Para o professor Reinhard, da FIA, a capacitação é um quesito importante para desenvolvimento de times ágeis. Ele destaca a necessidade de os profissionais investirem em educação continuada como cursos de especialização e MBA, Master in Business Administration, ou Mestre em Administração de Negócios.

O fator cultural também é um empecilho para o sucesso das iniciativas de transformação digital. Reinhard relata casos de empresas que tentaram contratar profissionais de startups para acelerar esse processo, porém, eles acabam indo embora, porque não encontram ambiente favorável. “Os projetos de transformação digital só funcionam se tiver apoio do presidente da empresa”, reforça.

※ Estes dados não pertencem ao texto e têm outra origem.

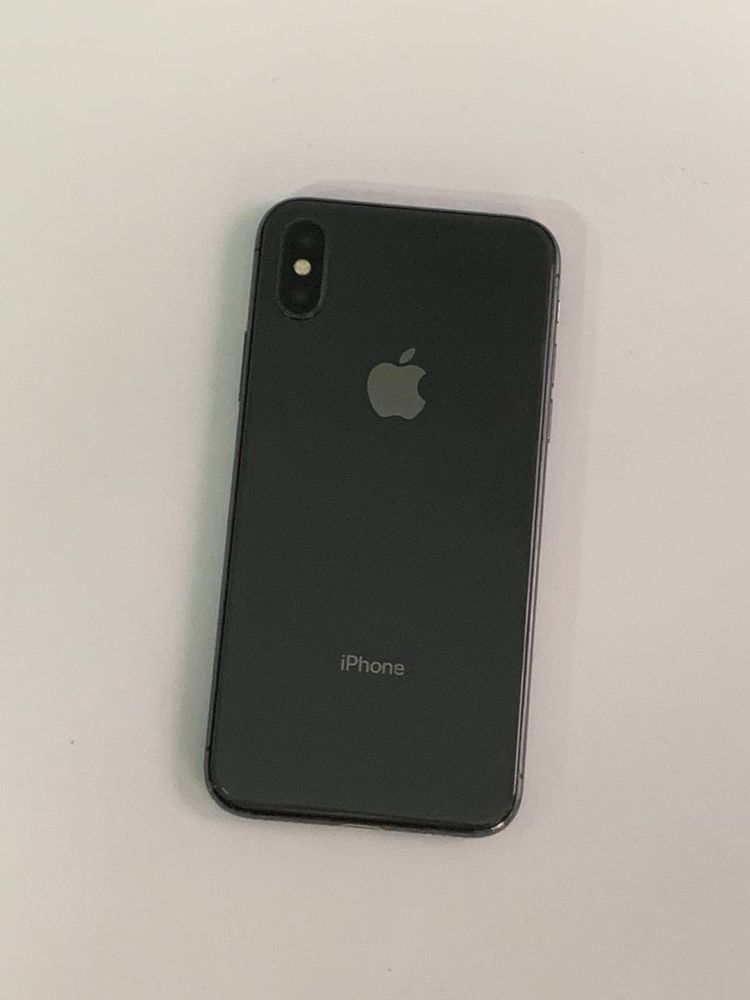 Iphone x 64 gb holati yaxshi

Pietro Delai, analista da IDC, sugere que as organizações comecem as transformações pelas lideranças. A partir do momento que elas acreditarem nas ações, vão comprar a ideia e incentivar a força de trabalho a promover mudanças em favor dos negócios.

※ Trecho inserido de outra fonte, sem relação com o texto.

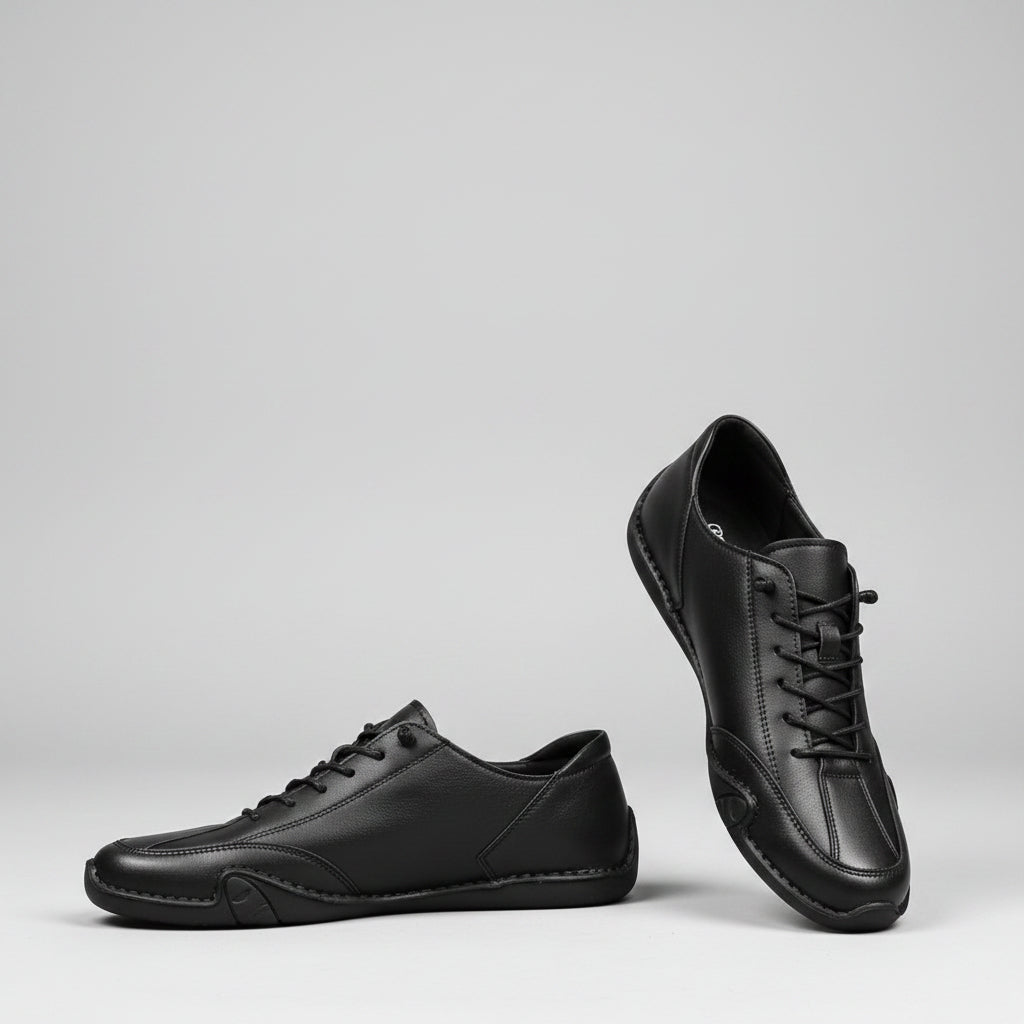 Unisex Barfußschuhe für Natürliches Gehen 1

Impactos da inteligência artificial na TI

É fato que os robôs com inteligência artificial, IA (ou Artificial Intelligence, AI, sigla do termo em inglês) já estão substituindo os humanos em inúmeras e nas mais variadas tarefas. Essa realidade não é muito diferente na área de tecnologia da informação.

Inteligência artificial está presente em diversas operações da TI. Pietro Delai, analista da IDC, cita o exemplo da automação dos controles de segurança da informação para prevenção de ataques DDoS – Distributed Denial of Service, ou ataque distribuído de negação de serviço. Os sistemas de internet das coisas – IoT, e machine learning – ML, também contam com a ajuda de IA.

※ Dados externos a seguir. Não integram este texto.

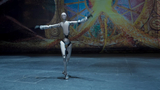 Unitree présente son robot humanoïde H2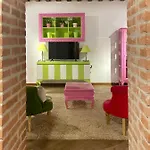 Apartament Gesuiti *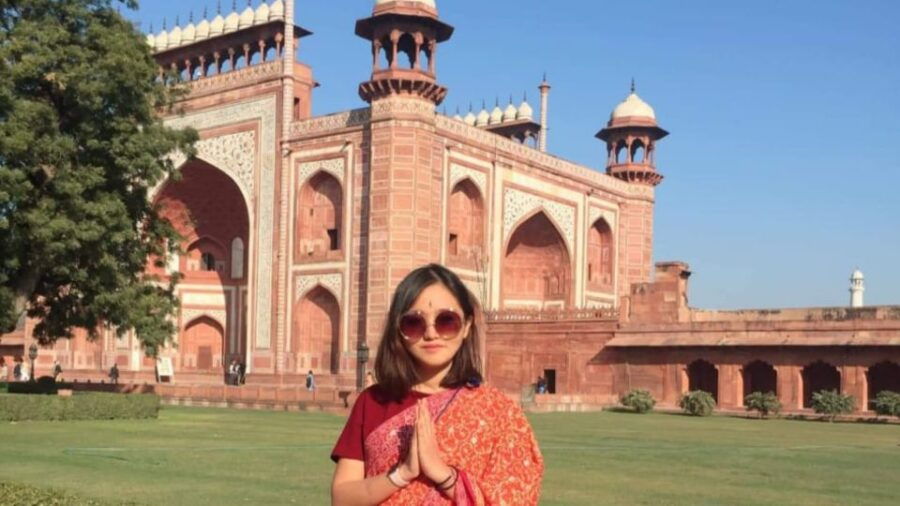 From Delhi: All Inclusive Same Day Agra Tour by Car - Good To Know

Os chatbots, atendentes virtuais, são outras aplicações em substituição aos agentes de call centers e especialistas humanos dos serviços de help desk. Esta tecnologia inteligente está sendo aplicada ainda para monitorar sistemas, desenvolver códigos de software, serviços de backups, diagnosticar falhas e criar interfaces para o usuário final, entre tantas outras tarefas.Os profissionais precisam se atualizar. O que é importante hoje pode não ser relevante amanhã

Tomás Roque, sócio da consultoria PwC, constata que inteligência artificial é uma ameaça para o mercado de trabalho e alerta que muitas funções deixarão de existir por causa dessa tecnologia. “Os profissionais que não se atualizarem vão ficar na mesmice. O que é importante hoje pode não ser relevante amanhã”, alerta o consultor.

É certo que tudo tem base em pesquisas e estudos, mas são projeções e expectativas. Porém, notavelmente válidas. Em 2012, o Gartner divulgava quatro previsões para o futuro da tecnologia da informação e dos Chiefs Information Officer, os CIOs.

Entre os futuros cenários e suas implicações para a área foi dito que TI seria como um provedor global de serviços, uma unidade de serviço compartilhado expandida e integrada, que funcionaria como um negócio, oferecendo serviços de TI e processos de negócios de uma empresa. O segundo tópico, a consultoria dizia que TI se apresentaria como engine room, ou seja, seus recursos seriam entregues rapidamente ao mercado a preços competitivos. A organização de TI cumpriria seus objetivos por monitoramento de tecnologia e desenvolvimento de mercado.

O terceiro item apontado é que a área de TI seria exatamente o negócio, onde a moeda é a informação, ou está intrinsecamente atrelada ao produto. TI deixaria de ser coadjuvante no processamento, mas se posiciona na cadeia de valor.

Já o quarto item apontado como tendência pelo Gartner era a colaboração e o uso frenético da informação pelos líderes de negócios. De novo, o foco é a informação e não a tecnologia pura.

À época, o Gartner também disse que os ‘novos’ CIOs iriam desempenhar um importante papel no direcionamento do futuro de uma companhia de TI, “garantindo que toda a equipe de TI esteja envolvida e interessada desde o início dos processos”. Sete anos se passaram e a tecnologia da informação continua sendo objeto de estudo.

As questões propostas no início desta reportagem, serão respondidas com certeza, em alguns anos. Enquanto isso, profissionais de TI – Engenharia e Ciência da Computação; Sistemas de Informação; Análise e Desenvolvimento de Sistemas e de Dados; e Gestão, Segurança da Informação e Redes, entre outros – precisam se preparar para o reposicionamento de sua área dentro das corporações.